Autant de facteurs qui rendent ce premier déplacement dans le noir éprouvant, générant de vives émotions : peur de ne pas gérer la vitesse de progression, frayeur dans l'escalier, sentiment d'insécurité, et réminiscence d'angoisses enfantines.
Se faire guider implique de déléguer sa confiance à quelqu'un, il faut un temps d'adaptation et un
« lâcher prise » qui peuvent se traduire les premières minutes par des tensions et des crispations.
Guider, c'est aussi être très attentif à la personne non voyante pour trouver le bon rythme, faire en sorte que les ralentissements et les arrêts soient perceptibles et garder en tête sa corpulence pour anticiper les rétrécissements d'espace et les obstacles.

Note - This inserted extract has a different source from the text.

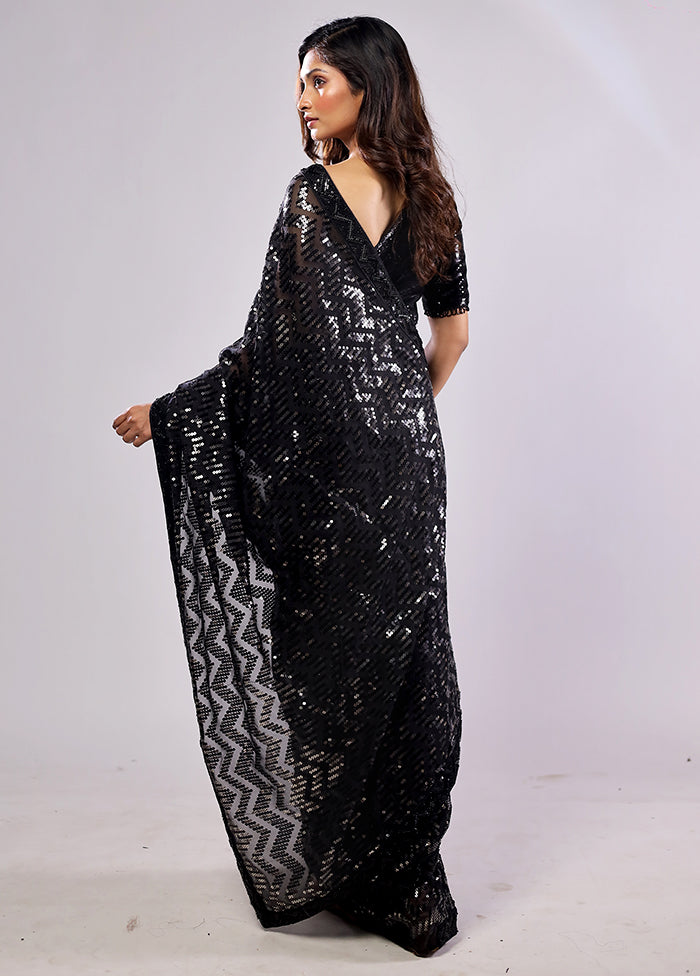 Black Handloom Pure Georgette Saree With Blouse Piece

La technique de guide permet d'établir une confiance dans les déplacements, tout en laissant place à de véritables échanges interpersonnels.
La personne en situation de cécité est "lâchée" dans une pièce avec mission de s'en faire une représentation mentale et de la dessiner une fois l'exploration terminée. Il est peu probable que de telles situations se présentent lors d'une visite d'exposition d'art contemporain mais c'est une expérience utile pour appréhender de façon plus globale la complexité à se représenter l'espace et la nécessité d'un guidage adapté.

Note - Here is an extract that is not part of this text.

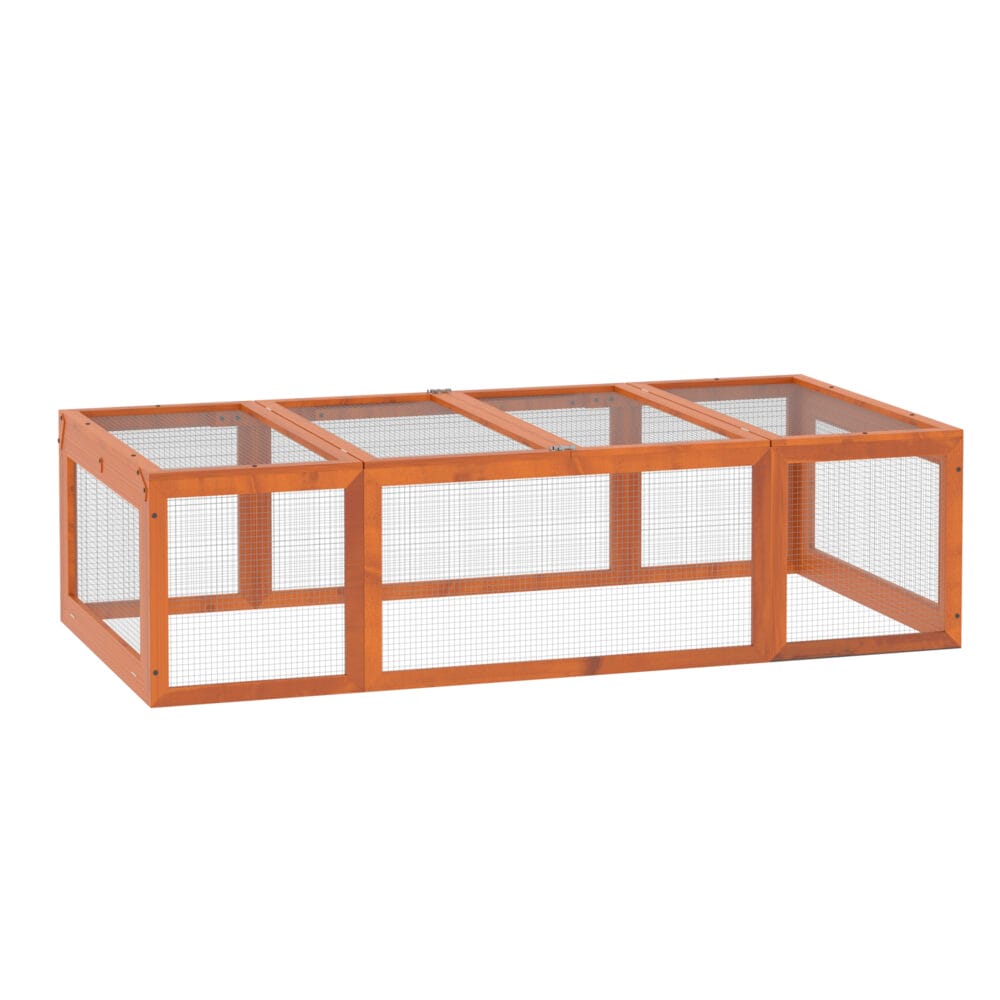Kleintierstall mit Freilaufgehege aus Tannenholz, 180x90x48cm.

Avant d'avoir vécu cette expérience, on ne se doute pas à quel point la mémoire est sollicitée.
Il nous a semblé extrêmement difficile de se représenter l'espace sans le voir, quelles que soient les stratégies adoptées (longer les murs, mesurer les pas, chercher à avoir une perception globale ou chercher plutôt les détails).

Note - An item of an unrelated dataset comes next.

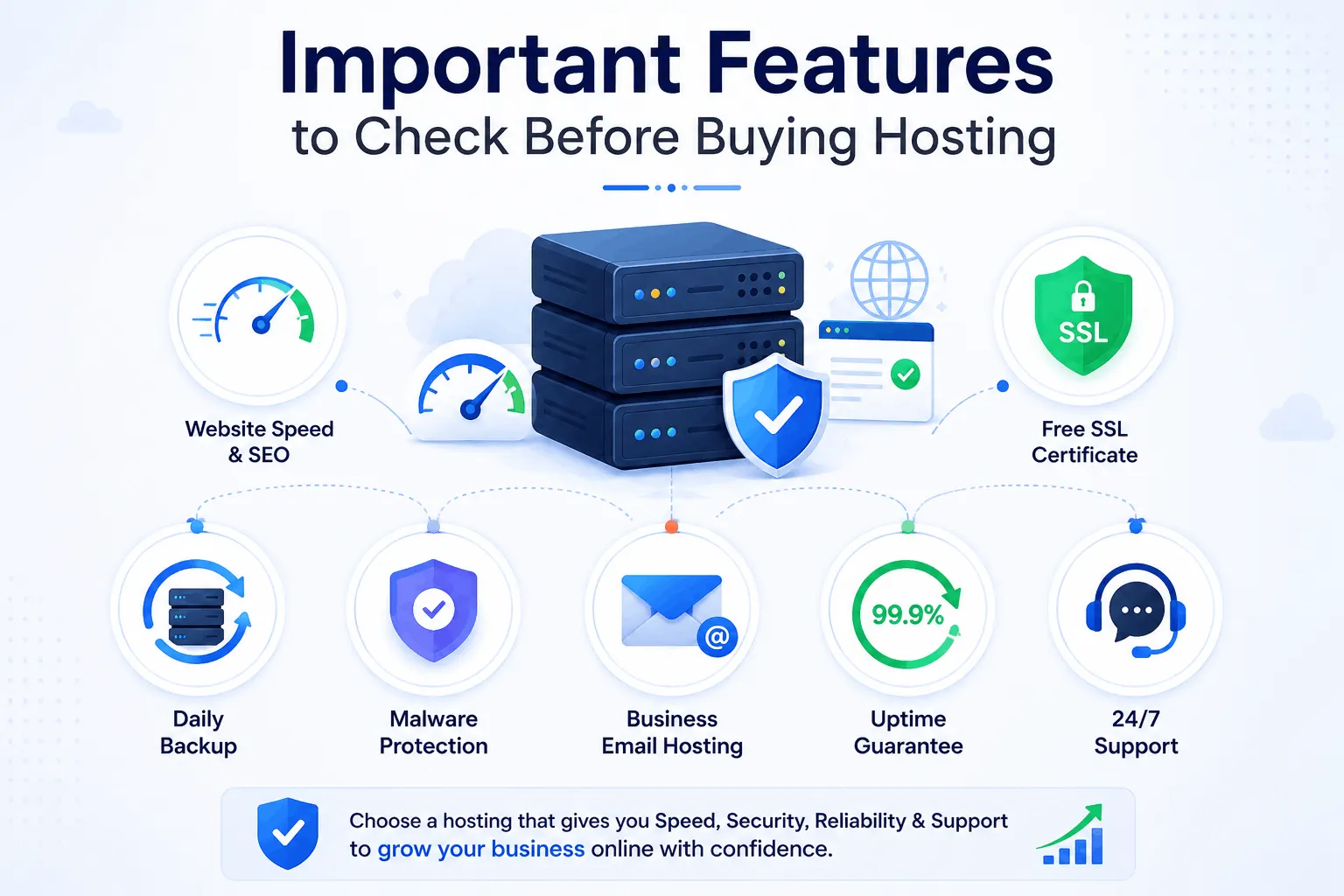 Important web hosting features for business websites including speed, SSL, backup, uptime, and security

Après avoir trouvé des repères (source de lumière, angles de mur, etc), reconnus des meubles, des objets, il faut se rappeler la chronologie de leur découverte pour les situer les uns par rapport aux autres, évaluer leur importance en terme de volume, de distance, garder en tête leur agencement et leur position dans l'espace.
Et comme plus il y a d'objets plus la perception de l'espace est morcelée, cela devient extrêmement complexe d'avoir une vision globale d'une pièce encombrée et d'évaluer ses dimensions (souvent perçue plus grande ou plus petite).
En situation de cécité, la façon dont le corps est mis en jeu impacte directement sur les ressentis.
Cette approche du corps est une piste à envisager pour des médiations possibles. Un parcours peut accompagner une installation, palliant ainsi ce qui ne peut se voir mais pourrait se ressentir à travers le corps en mouvement.